Debugging

Introduction

If you’re running your Kedro pipeline from the CLI or you can’t/don’t want to run Kedro from within your IDE debugging framework, it can be hard to debug your Kedro pipeline or nodes. This is particularly frustrating because:

  • If you have long running nodes or pipelines, inserting print statements and running them multiple times quickly becomes a time-consuming procedure.

  • Debugging nodes outside the run session isn’t very helpful because getting access to the local scope within the node can be hard, especially if you’re dealing with large data or memory datasets, where you need to chain a few nodes together or re-run your pipeline to produce the data for debugging purposes.

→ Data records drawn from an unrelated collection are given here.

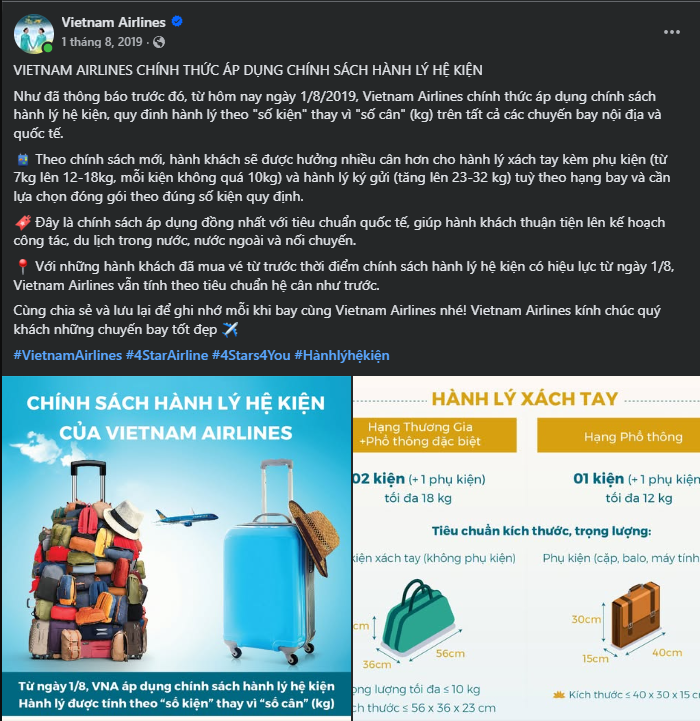 thong bao hanh ly vietnam airlines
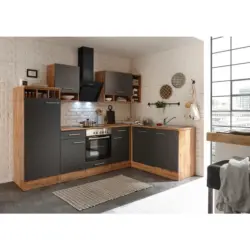 Eckküche 280/172 cm in Grau, Wildeiche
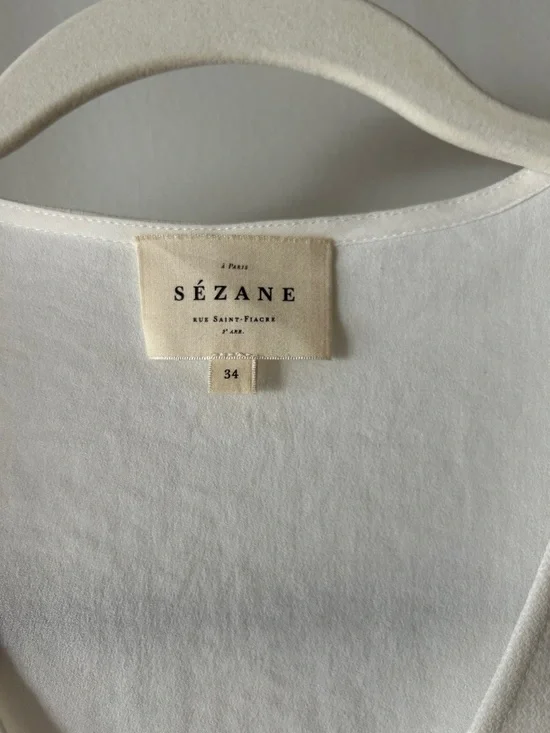 Sezane “Ella” Ecru V-Neck Button-Front Blouse - Picture 5 of 7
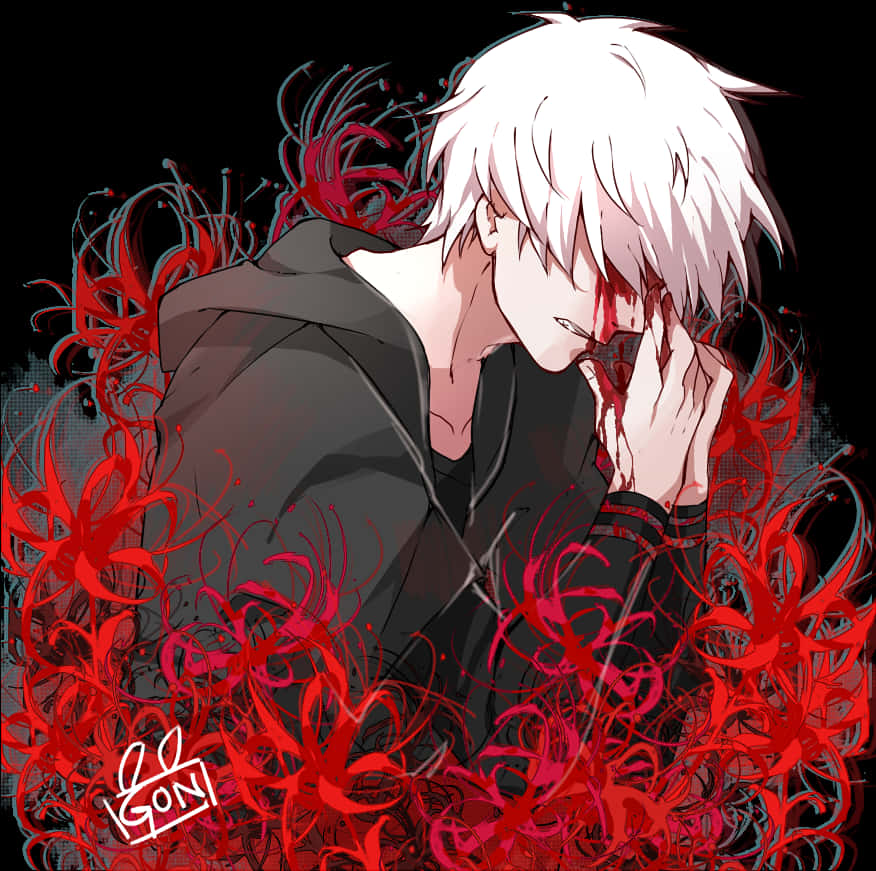 Kaneki 紅色觸手藝術圖 壁紙 — 一個白髮動漫男孩穿著黑色連帽衫，用沾滿血的手遮住臉，周圍盛開著紅色的彼岸花，背景黑暗。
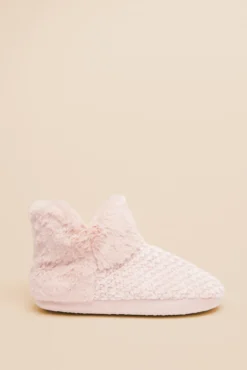 Zapatillas casa bota pelo rosa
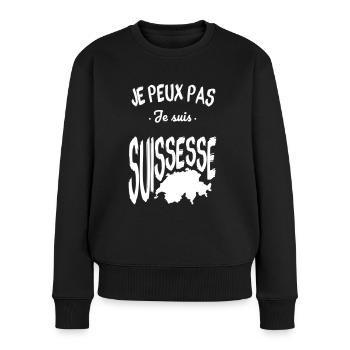 Je peux pas je suis Suissesse - Pull Premium bio Femme - noir - Devant - Julia (174cm)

This guide provides examples on how to instantiate a post-mortem debugging session with pdb using Hooks when an uncaught error occurs during a pipeline run. Note that ipdb could be integrated in the same manner.

If you are looking for guides on how to setup debugging with IDEs, please visit the guide for VSCode and PyCharm.

Debugging Node

To start a debugging session when an uncaught error is raised within your node, implement the on_node_error Hook specification:

import pdb
import sys
import traceback

from kedro.framework.hooks import hook_impl


class PDBNodeDebugHook:
    """A hook class for creating a post mortem debugging with the PDB debugger
    whenever an error is triggered within a node. The local scope from when the
    exception occured is available within this debugging session.
    """

    @hook_impl
    def on_node_error(self):
        _, _, traceback_object = sys.exc_info()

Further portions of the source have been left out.